Gravitational Potential MCQ - Practice Questions with Answers

In a gravitational field potential V at a point, P is defined as the negative of work done per unit mass in changing the position of a test mass from some reference point to the given point.

Note-usually reference point is taken as infinity and potential at infinity is taken as Zero.

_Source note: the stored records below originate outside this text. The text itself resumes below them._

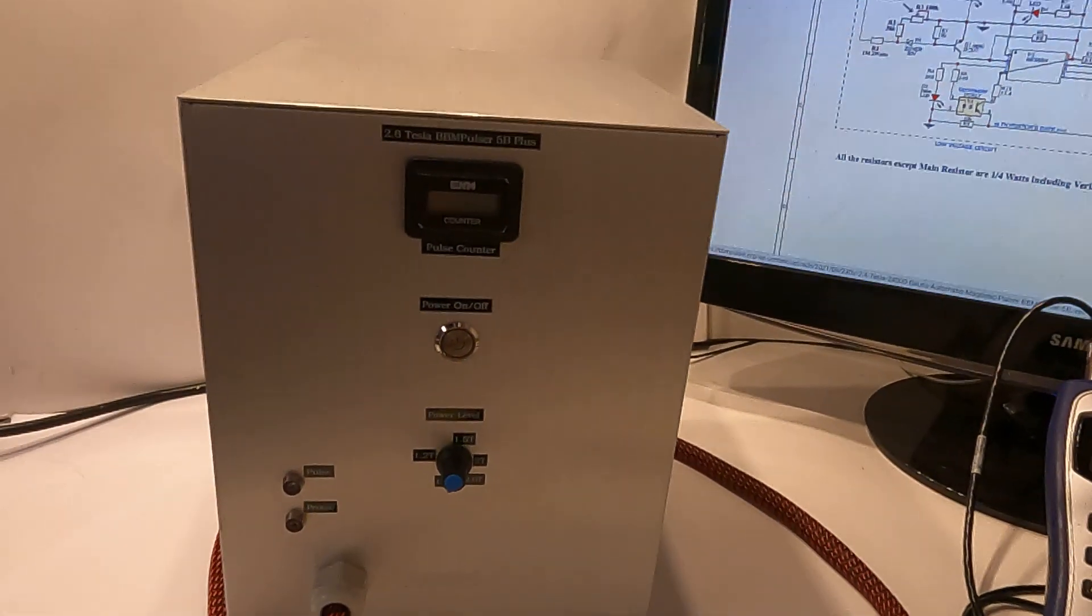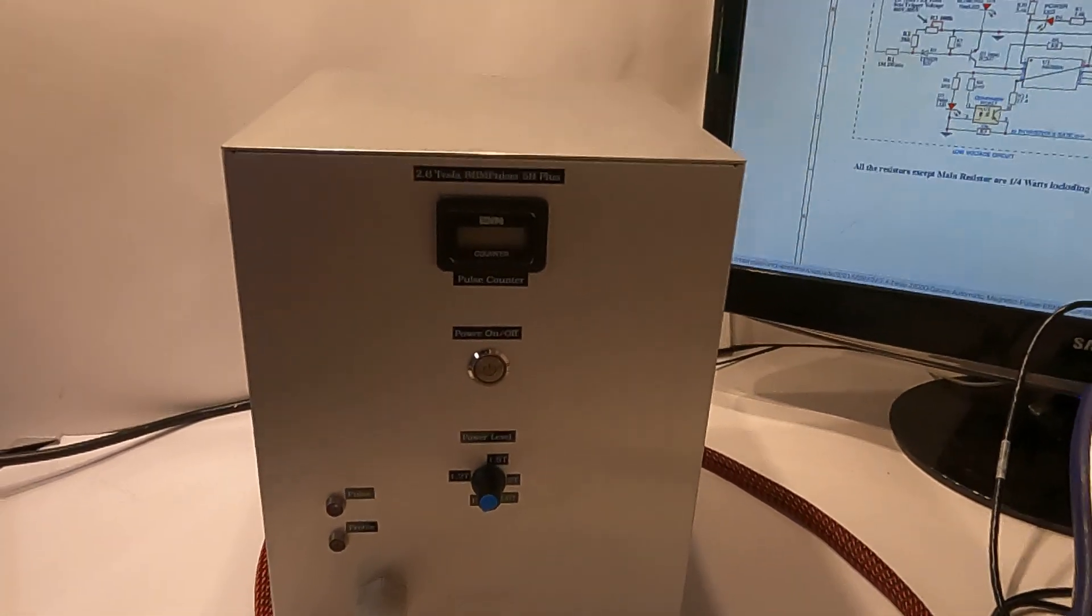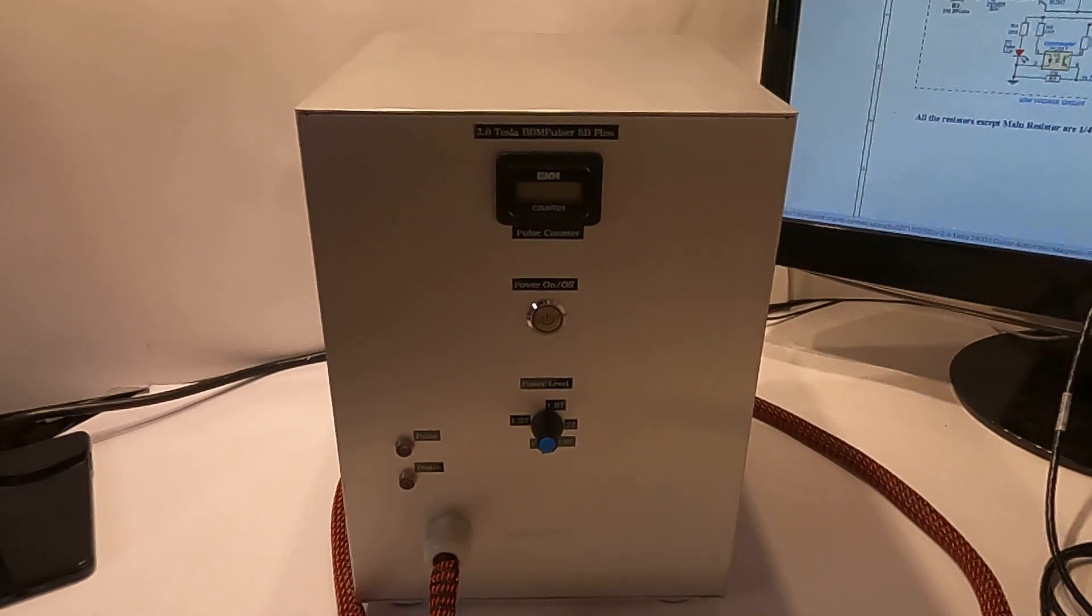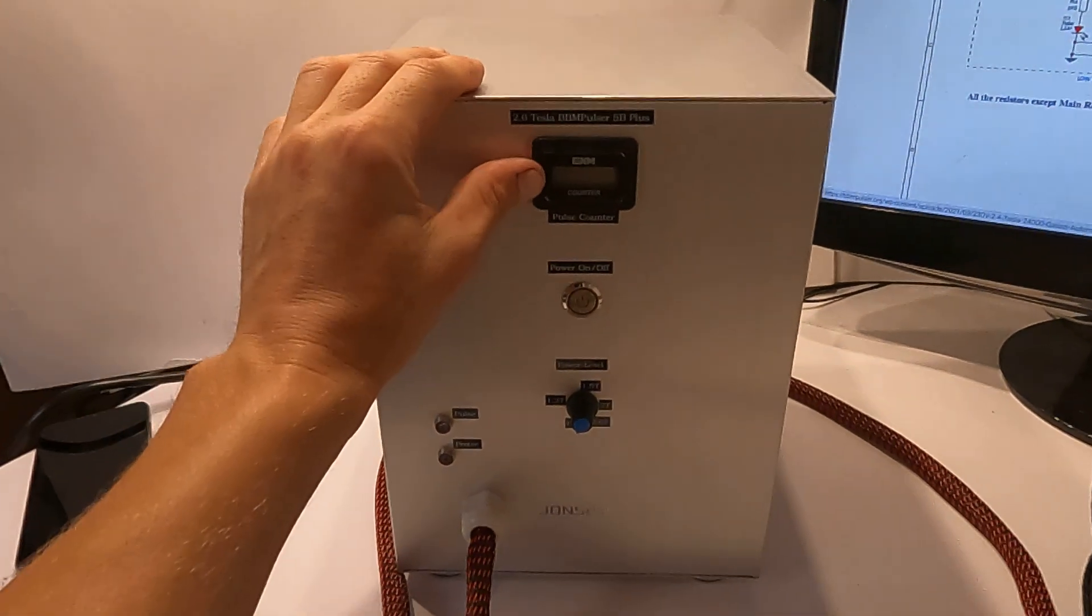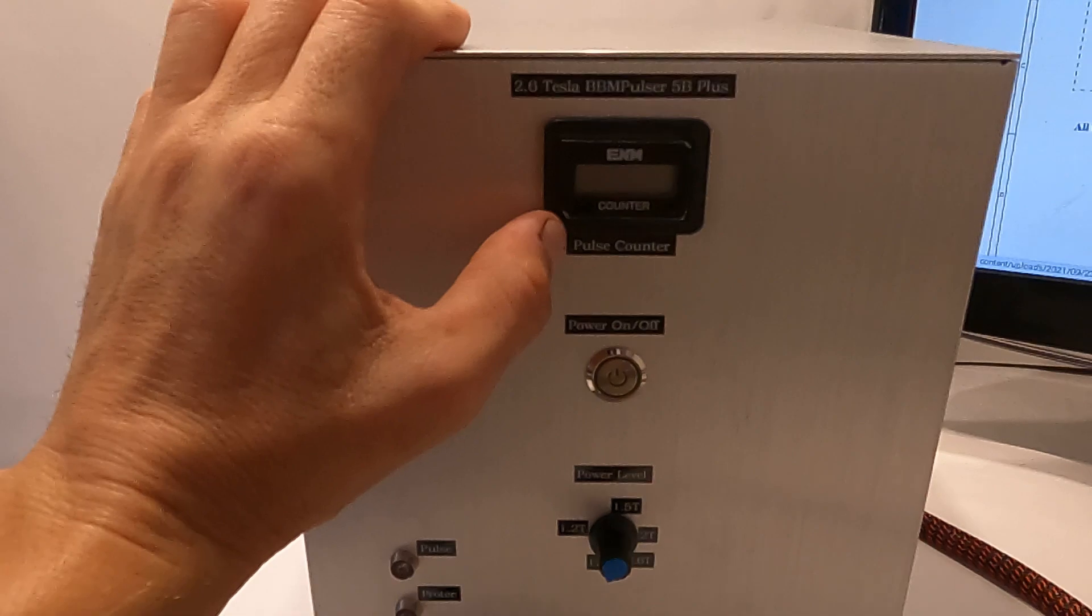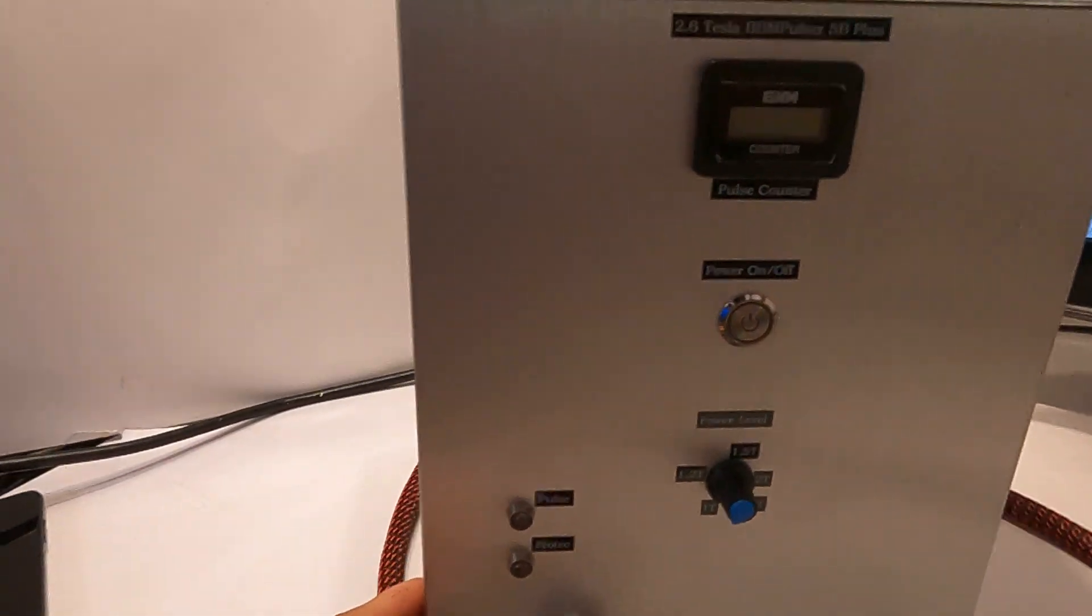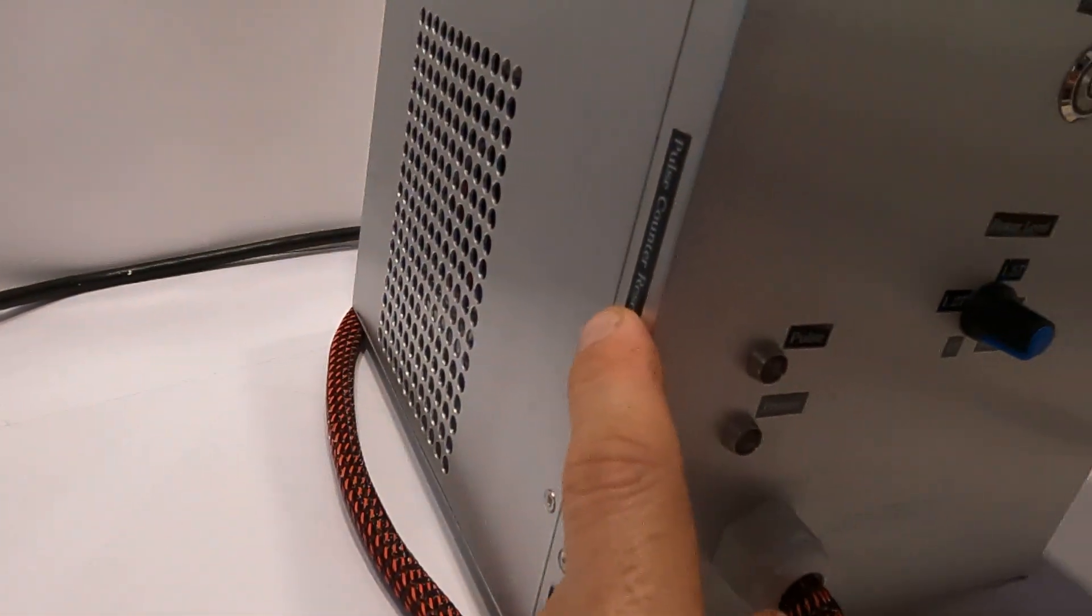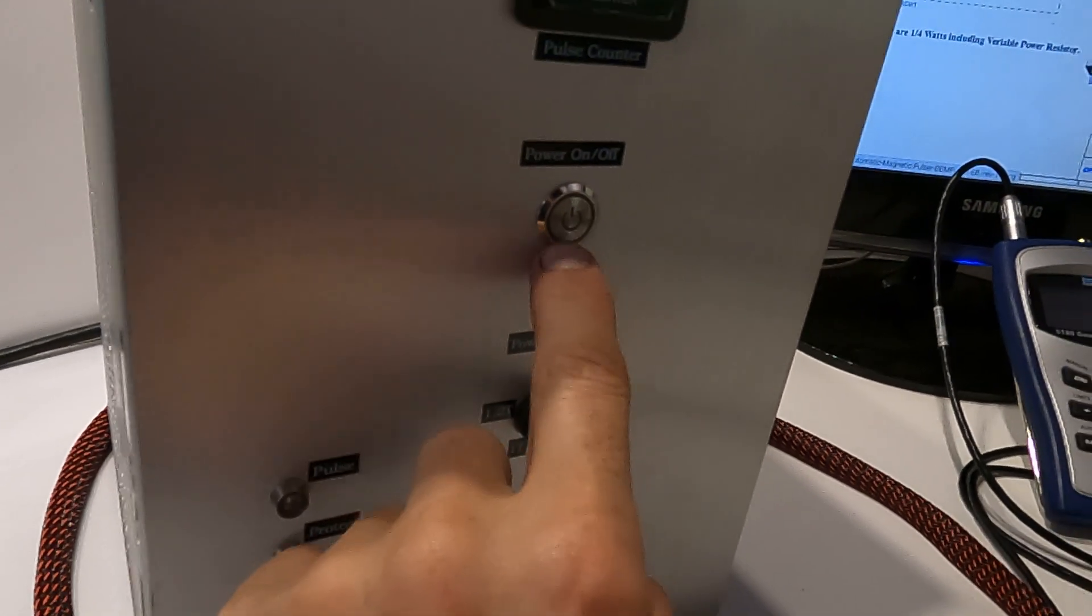Let me go over a few things that I have upgraded. The first thing I added is a pulse counter with a memory. This memory you can reset by pushing this button. It doesn't reset when you power it up.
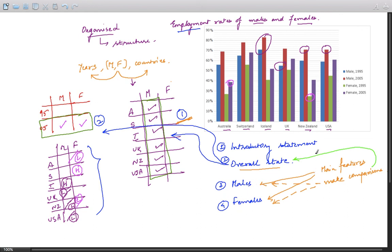That was my take on this bar chart. It's really simple to write once you understand how the content needs to be organized. I hope you liked it — share the video, follow the channel, and feel free to ask any questions.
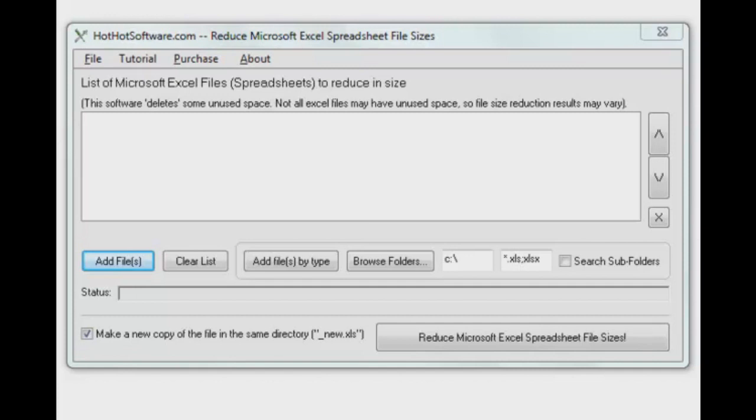And that's what our application does today. It allows you to pull in one or multiple Excel files, go through and try and clean up some of that unused space and reclaim a little bit of the space on your hard drive.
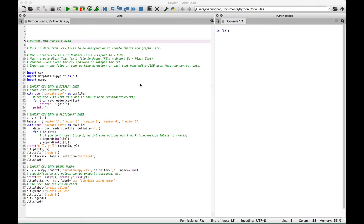For example, we're using the Spyder IDE, and the working directory or path that we are using for our files is right here. The data for our examples is in the Users folder, then the Home folder, then the Documents folder, and then the Python Code Files folder. So just make sure that you put your files in the correct path that will allow your Python editor or IDE to pull in that data. Now let's show you an example of the files that we will be using and how the data is set up.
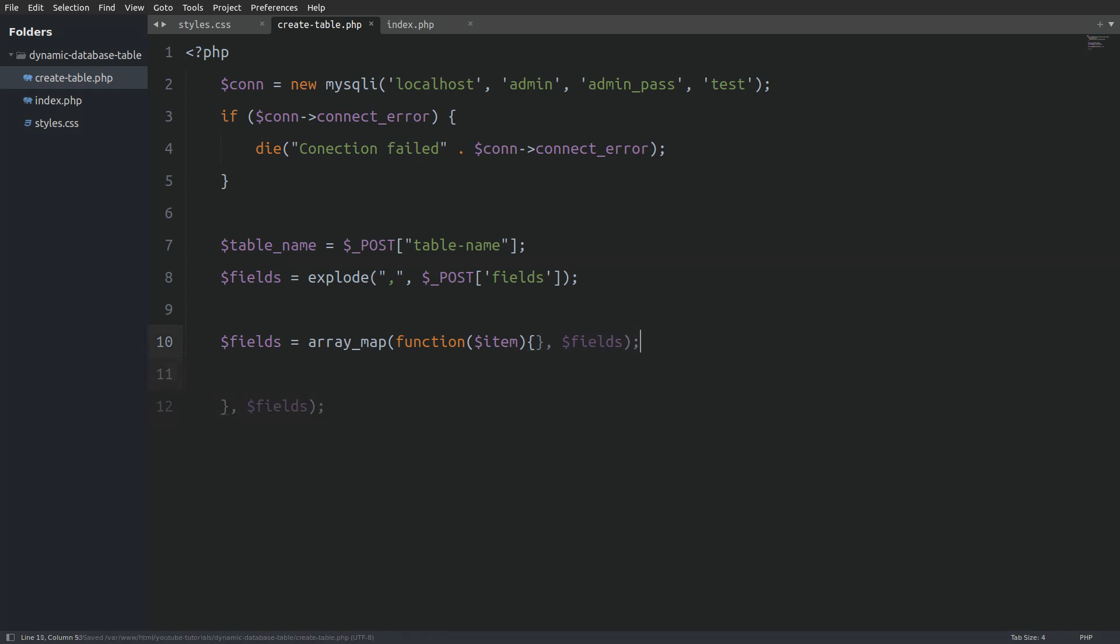Next I will go inside the callback function and I will use the pregReplace function to remove any character that is not a letter, a number or an underscore.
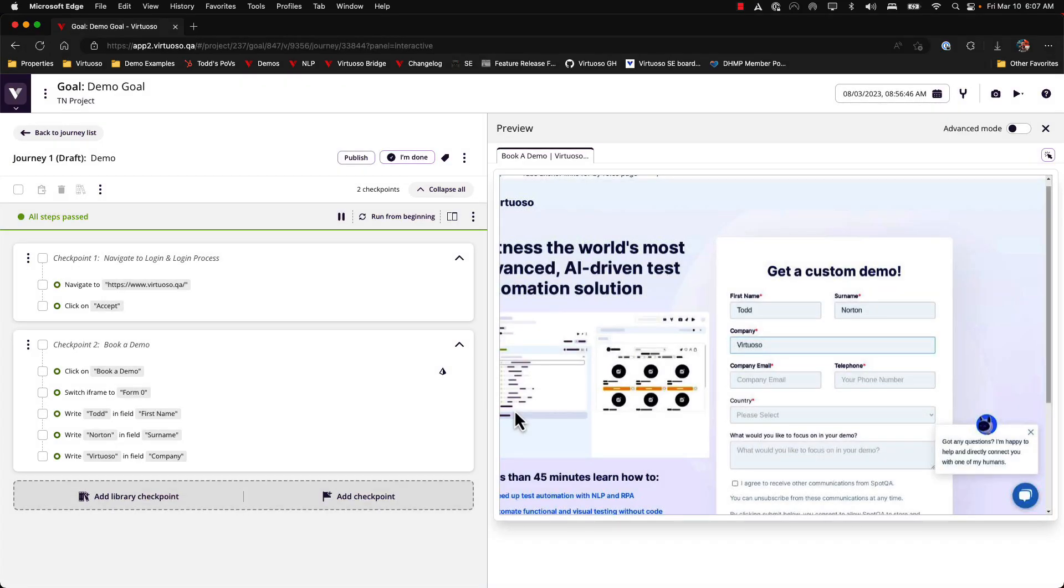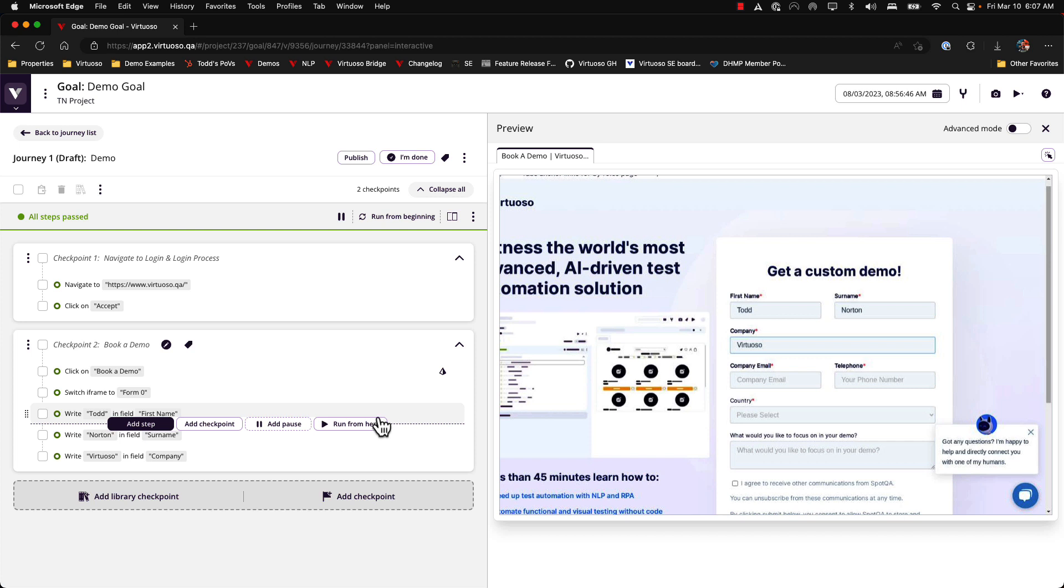Hey everyone, Todd Norton, Solutions Engineer from Virtuoso. I wanted to make you a quick video highlighting a new feature that we've recently released into our production environments called run from here. Essentially what this does is allow you to make small changes to your execution while live authoring and then just update the test from those changes instead of running from the beginning as was the case previously.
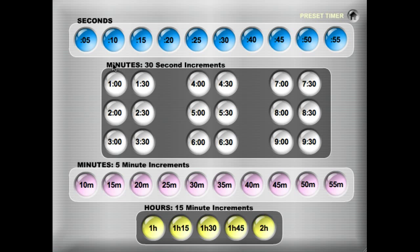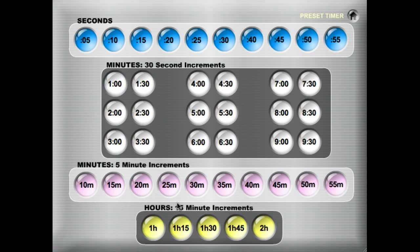The next group is in minutes and 30-second intervals, so it goes 1 minute, 1 minute and 30 seconds, etc. Then we've got minutes in 5-minute intervals so it goes 10, 15, 20, 25, and if you have a real long hour-plus time, here's some long timers for testing, etc.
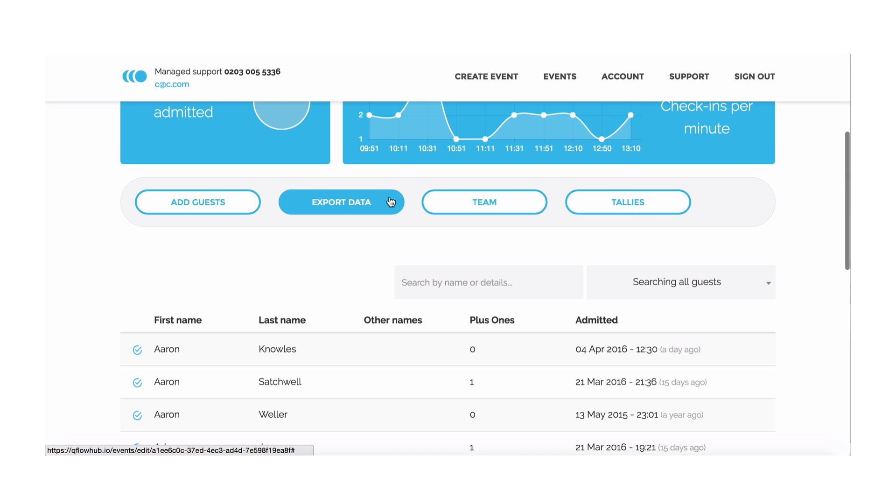When your event finishes, you can export the data in various formats and also generate an event report.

We know that $W=\int \overrightarrow{F}\cdot \overrightarrow{dr}$
${}^{\text{So }}V=-\frac{W}{m}=-\int \frac{\overrightarrow{F}\cdot \overrightarrow{dr}}{m}$
And $\overrightarrow{I}=\frac{\overrightarrow{F}}{m}$
$V=-\int \overrightarrow{I}\cdot \overrightarrow{dr}$
$V\to$ Gravitational potential
$I\to$ Field Intensity
$dr\to$ small distance
We can also write $I=-\frac{dV}{dr}$

This means a negative gradient of potential gives the intensity of the field.

The negative sign indicates that in the direction of intensity, the potential decreases.

• It is a scalar quantity.

Unit $\to$ Joule $/\mathrm{kg}$ or ${\mathrm{m}}^2/{\sec }^2$
Dimension : $\left[M^0{L}^2{T}^{-2}\right]$

• Gravitational Potential at a distance 'r'

If the field is produced by a point mass then 

$\begin{array}{rl}& I=\frac{GM}{r^2}\\ & V=-\int \overrightarrow{I}\cdot \overrightarrow{dr}\\ & \text{ So }\\ & V=-\frac{GM}{r}\\ & \text{ at }r=\mathrm{\infty }V=0=V_{max}\end{array}$

• Gravitational Potential difference

In the gravitational field, the work done to move a unit mass from one position to the other is known as Gravitational Potential difference.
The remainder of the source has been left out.